Friday, September 26, 2003

For The Technically Challenged

I'm having a little trouble getting started this morning. It seems my computer at home has been converted itself into a boat anchor and will require the attention of experts. It's not so much the cost of the repairs that bothers me, but my utter feeling of inadequacy when it comes to all things technical. You are, after all, reading a man who views the flipping of a light switch as something of a miracle. Worse still, this now necessitates that I must have dealings with the techno-monks whose withering glare and patronizing tone reduce me to a quivering mass of schoolboy insecurities.

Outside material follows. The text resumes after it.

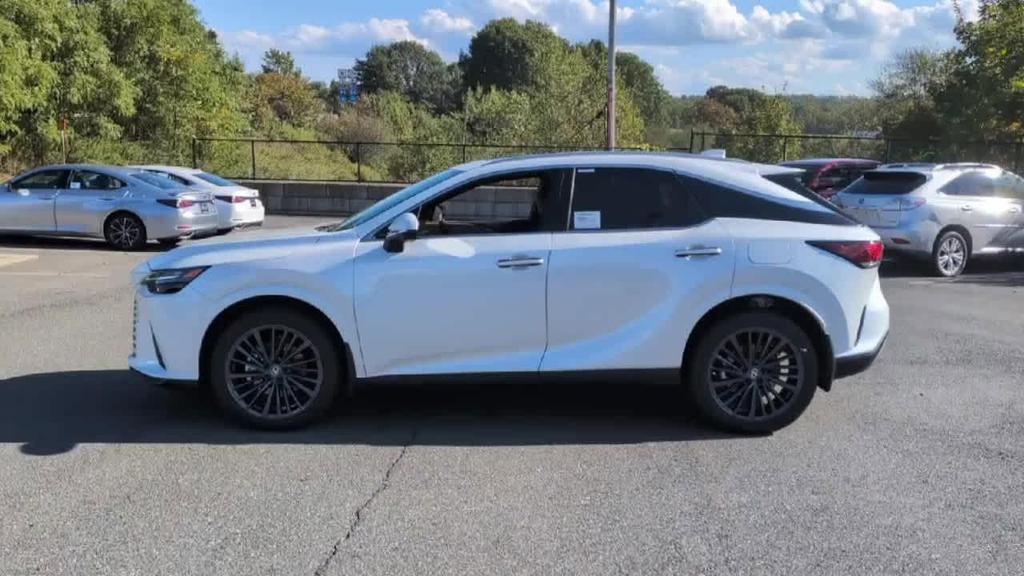 new 2025 Lexus RX 350 car, priced at $61,364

"What's wrong with – (some unintelligible dialect spoken at this point)?"

"I, I don't know sir."

"You don't know, do you?" as he rolled his eyes in the direction of his fellow acolytes of the Brotherhood of Geekdom, "Did you check to see if it was turned on?" he bellowed, scarcely concealing his contempt.

"Of course, of course," I stammered.

"DID YOU FOLLOW THE PROCEDURE?" his patience with the unworthy cur cowering before him nearing its end.

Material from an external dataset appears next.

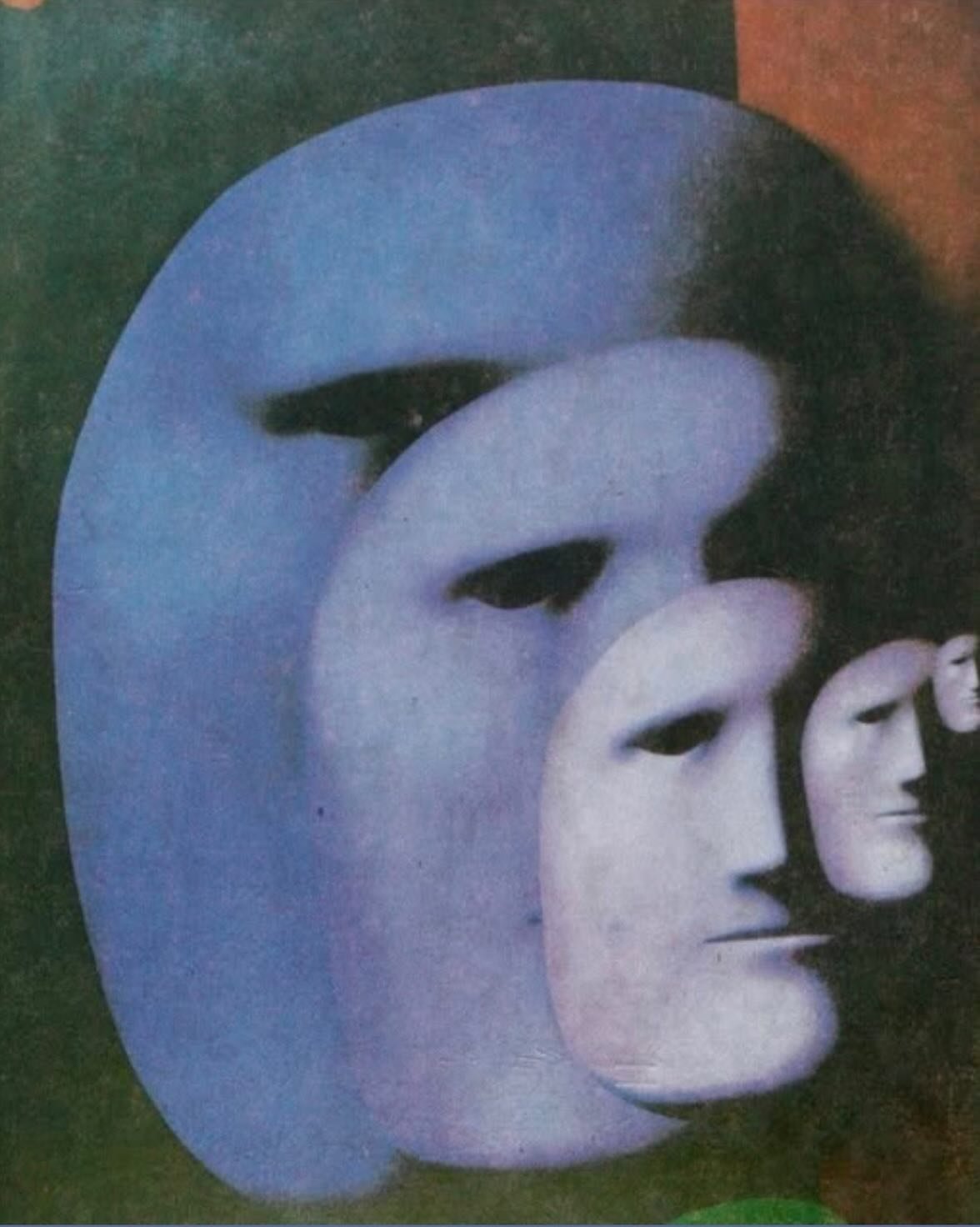 Once you have experienced yourself as largely nothing to do with who you are, it is virtually impossible to have a persona that feels fulfilling.

No words spoken have meaning as no words speak from the truth, the real truth of your non identity.

It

"Yes, yes…I laid the burnt offering in front of my keyboard, lit the incense, and recited the incantations as laid down by our ancestors."

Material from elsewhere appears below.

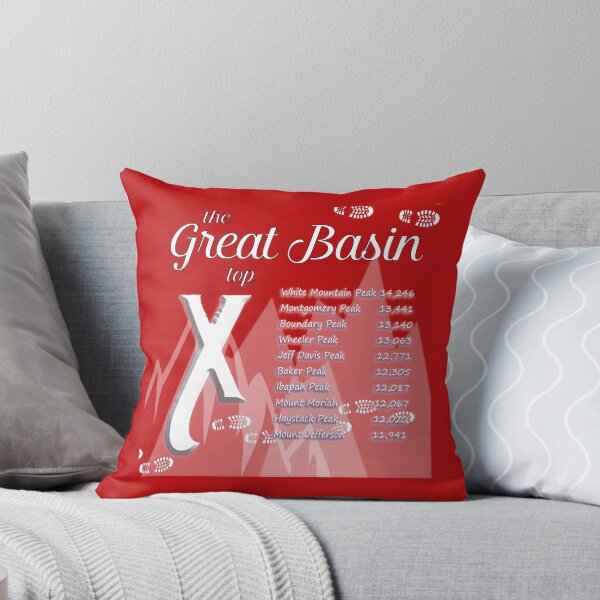 Item preview, the Great Basin designed and sold by daysray.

His watery, spectacled eyes narrowed with suspicion as he brushed back the greasy strands of hair from his pimpled face. Removing his glasses, he polished the lenses with his thumb and forefinger with the bottom of his egg-stained "Lord of the Rings" t-shirt. Readjusting the wobbly frame, he took a tone that would make a Spanish inquisitor cringe, " With the powers invested in me by Bill Gates, the Almighty, I think we might be able to help you, call back in a month."

"But, but…." my pleas falling upon his now turned back. He spoke to one of his underlings in a language I thought might be Klingon and then disappeared behind a curtain.

The lackey then stepped forward, "That will be ninety dollars – Visa or Mastercard?"

It is these encounters make me long for my Remington Reporter Manual Typewriter:

Ode to Eaton’s Corrasable Bond

In memory of Doris Grant

While the other kids, that is to say,
The normal kids; The Campfire Vets,
The Furtive Farmers of Mary Kay,
And the Brokenmarriagenettes
Took Typing I & II to hedge their bets,
Therefore insuring their success.

Honors English was to be my conceit,
Pondering the doom of Sir Patrick Spens
“Wi’ the guid Scots lairds at his feet.”
As the doleful dirges of Mr. Yeats portend
“Things have changed; changed utterly.”
And I, damned to type; type in utter agony.